Analyzing the current virus. They’re doing multivariate statistical learning with additional traditional techniques. The training data is the genotype-phenotype pairs of 1000+ HIV variants. Quality criteria is predictive power and interpretability. Then there is regression and classification (grouping into categories). Classification comes with cut-offs (resistant/susceptible), but things aren’t always that simple. The classic interpretive model is a decision tree, where you find the mutation that best separates resistant form susceptible viruses. Continue analogously in the two resulting data subsets. Example: protease inhibitor Saquinavir. http://www.geno2pheno.org, so far most used clinical tool.
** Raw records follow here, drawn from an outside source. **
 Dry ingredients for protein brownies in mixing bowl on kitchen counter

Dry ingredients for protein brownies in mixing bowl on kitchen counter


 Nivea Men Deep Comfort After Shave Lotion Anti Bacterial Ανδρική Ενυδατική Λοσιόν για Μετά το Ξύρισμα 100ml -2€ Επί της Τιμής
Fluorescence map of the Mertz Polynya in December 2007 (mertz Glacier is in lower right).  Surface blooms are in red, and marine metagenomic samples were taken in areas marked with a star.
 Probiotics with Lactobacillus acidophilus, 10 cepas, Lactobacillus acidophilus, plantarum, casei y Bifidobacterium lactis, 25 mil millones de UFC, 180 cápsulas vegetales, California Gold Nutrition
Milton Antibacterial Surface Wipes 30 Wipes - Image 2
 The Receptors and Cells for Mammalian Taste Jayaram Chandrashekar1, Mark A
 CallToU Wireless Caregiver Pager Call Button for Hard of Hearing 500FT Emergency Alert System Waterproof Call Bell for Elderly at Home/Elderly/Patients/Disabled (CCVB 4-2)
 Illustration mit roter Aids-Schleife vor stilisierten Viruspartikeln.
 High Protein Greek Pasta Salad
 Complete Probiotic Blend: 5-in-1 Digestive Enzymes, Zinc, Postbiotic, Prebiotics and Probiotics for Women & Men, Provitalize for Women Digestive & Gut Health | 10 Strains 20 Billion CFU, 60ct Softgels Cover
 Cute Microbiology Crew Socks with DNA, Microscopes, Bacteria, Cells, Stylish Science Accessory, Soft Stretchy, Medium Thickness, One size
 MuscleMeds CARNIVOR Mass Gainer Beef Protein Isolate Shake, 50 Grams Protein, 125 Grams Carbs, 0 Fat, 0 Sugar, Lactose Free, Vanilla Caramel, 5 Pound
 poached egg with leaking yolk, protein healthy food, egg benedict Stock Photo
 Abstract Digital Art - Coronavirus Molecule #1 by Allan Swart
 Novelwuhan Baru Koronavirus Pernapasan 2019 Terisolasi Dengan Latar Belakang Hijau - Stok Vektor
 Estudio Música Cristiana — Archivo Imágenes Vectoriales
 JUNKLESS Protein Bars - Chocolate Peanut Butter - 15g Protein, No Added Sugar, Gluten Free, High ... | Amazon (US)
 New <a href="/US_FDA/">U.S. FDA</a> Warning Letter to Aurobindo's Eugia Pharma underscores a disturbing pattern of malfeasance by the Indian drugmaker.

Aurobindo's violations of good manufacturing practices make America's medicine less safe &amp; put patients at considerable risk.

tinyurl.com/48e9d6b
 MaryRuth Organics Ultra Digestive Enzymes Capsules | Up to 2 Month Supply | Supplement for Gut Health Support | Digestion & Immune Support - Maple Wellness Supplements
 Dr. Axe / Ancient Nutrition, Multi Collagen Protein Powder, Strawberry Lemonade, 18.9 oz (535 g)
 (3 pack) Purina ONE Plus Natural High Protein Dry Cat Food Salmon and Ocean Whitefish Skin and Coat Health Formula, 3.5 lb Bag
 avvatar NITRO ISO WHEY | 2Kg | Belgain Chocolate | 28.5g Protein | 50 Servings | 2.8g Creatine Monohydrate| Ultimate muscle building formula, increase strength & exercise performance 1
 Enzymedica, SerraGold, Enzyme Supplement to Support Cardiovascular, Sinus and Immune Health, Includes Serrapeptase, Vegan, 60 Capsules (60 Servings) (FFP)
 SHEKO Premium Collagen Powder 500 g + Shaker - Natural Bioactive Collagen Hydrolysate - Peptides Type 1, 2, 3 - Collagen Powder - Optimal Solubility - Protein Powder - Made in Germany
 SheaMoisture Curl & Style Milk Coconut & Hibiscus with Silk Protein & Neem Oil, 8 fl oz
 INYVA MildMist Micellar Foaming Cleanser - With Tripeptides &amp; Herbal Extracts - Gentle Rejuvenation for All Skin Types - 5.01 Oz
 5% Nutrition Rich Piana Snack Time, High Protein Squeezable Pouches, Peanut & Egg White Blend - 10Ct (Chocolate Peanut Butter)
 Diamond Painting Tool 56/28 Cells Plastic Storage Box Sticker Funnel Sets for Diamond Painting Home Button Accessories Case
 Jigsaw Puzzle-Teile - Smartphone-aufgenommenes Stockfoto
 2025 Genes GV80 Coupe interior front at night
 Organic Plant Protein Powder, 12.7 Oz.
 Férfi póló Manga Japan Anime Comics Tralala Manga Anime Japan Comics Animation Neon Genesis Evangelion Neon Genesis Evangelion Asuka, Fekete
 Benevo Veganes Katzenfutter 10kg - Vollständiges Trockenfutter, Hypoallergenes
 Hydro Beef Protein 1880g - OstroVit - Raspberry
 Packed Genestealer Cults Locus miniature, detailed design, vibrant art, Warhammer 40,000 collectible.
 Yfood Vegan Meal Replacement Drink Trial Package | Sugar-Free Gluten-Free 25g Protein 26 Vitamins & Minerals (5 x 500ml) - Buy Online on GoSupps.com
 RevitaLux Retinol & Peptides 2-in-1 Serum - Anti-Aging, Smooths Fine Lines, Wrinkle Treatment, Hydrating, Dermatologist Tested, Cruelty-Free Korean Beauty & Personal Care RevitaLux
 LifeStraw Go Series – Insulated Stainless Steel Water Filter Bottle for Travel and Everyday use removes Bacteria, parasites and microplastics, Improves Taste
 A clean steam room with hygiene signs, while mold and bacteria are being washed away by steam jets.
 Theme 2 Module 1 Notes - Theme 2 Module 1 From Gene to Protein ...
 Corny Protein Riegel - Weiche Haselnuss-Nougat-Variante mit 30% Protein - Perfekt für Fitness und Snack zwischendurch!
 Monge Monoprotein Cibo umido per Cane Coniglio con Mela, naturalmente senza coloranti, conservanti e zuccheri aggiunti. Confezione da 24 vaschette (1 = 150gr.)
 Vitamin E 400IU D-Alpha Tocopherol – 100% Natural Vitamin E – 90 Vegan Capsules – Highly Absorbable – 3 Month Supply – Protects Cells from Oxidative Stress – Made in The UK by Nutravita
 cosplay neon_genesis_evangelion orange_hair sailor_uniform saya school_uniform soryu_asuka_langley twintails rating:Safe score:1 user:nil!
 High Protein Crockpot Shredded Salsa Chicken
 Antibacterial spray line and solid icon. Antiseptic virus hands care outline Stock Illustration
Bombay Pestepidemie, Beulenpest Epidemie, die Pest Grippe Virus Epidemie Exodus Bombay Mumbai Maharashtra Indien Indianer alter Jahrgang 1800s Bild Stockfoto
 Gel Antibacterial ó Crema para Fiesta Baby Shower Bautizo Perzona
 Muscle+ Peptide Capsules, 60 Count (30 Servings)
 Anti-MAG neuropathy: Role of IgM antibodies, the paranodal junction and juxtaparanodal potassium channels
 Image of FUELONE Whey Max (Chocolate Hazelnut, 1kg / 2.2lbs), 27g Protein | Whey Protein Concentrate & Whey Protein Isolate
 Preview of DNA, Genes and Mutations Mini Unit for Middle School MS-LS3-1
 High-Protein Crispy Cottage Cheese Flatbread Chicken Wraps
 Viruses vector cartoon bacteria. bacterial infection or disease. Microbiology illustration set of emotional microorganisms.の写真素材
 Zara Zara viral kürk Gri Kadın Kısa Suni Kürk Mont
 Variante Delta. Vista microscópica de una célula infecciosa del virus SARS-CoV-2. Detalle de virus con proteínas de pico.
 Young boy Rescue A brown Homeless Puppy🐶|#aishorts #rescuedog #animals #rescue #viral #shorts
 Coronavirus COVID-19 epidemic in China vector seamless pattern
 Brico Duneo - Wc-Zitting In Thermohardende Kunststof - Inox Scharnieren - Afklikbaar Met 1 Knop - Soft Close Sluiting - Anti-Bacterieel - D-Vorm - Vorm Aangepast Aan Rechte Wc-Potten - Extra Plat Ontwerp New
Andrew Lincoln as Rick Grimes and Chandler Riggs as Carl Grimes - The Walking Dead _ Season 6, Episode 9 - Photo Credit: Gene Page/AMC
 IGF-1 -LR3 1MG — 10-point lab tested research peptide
Genotype is aligned to the wt and mutations are identified. Using linear SVM for regression: a line for each drug and have est resistance factor, and normalization with Z-score, and the scored mutations. Some mutations, which confer resistance to some things (e.g. 76V) actual confers re-sensitisation and therefore would have a positive effect.
Estimating the Viral Evolution. Often the virus follows specific mutational paths into resistance, and these are partly known from clinical practice. Can they find such paths in their database? They have lots of patients, but only a few time points on each patient (no longitudinal data). the TAM1 path is found by seeing the virus does *not* follow every possible path (Thanks Ruchira – missed that in the talk). They model the viral evolution to the resistance by tree structure, where every tree represents several alternatives for viral evolution. One tree collects the noise in the data, and the results can be mapped along a timeline. In this way you can get a probability of resistance in a quantitative time frame. Therapy optimization with THEO.
They have since gone European with their data: Euresist database (started Oct 2008). They built 3 prediction engines, of which THEO is one. Error in classifying the therapy into effective/not effective without THEO is above 24% and with THEO is 15%. Practices and labs that treat 2/3 of the AIDS patients in Germany use the geno2pheno software, and the server for it is accessed from about 30 countries.
Coreceptor usage. 1% of Caucasian population does not have this coreceptor. These people cannot be infected by HIV. A couple of different coreceptors are targeted, and the virus can switch once you’re in therapy. People with the CCR5 deletion don’t get AIDS, so the virus first goes through here, but it later switches to the other one (sentence from Ruchira, as I missed it – see FF discussion below for source).
Genotypic prediction of viral tropism: input around 35 aa of the V3 loop of the viral surgace protein gp120. Output is the score that is the larger the more likely the virus uses CXCR4. The method used is SVM. Accuracy increases if structural data is added. There are two kinds of data: clonal (in research setting) and bulk data (clinical routine). Sensitivity goes from 80% to 40% if you move from clonal to bulk data. Adding info on clinical correlates raises prediction accuracy. The power of predicting clinical follow-up is much higher than of predicting tropism phenotype. go away from sanger sequencing to increase accuracy – use ultra-deep sequencing. It yields 1000s of sequences per patient sample.
Please note that this post is merely my notes on the presentation. They are not guaranteed to be correct, and unless explicitly stated are not my opinions. They do not reflect the opinions of my employers. Any errors you can happily assume to be mine and no-one else’s. I’m happy to correct any errors you may spot – just let me know!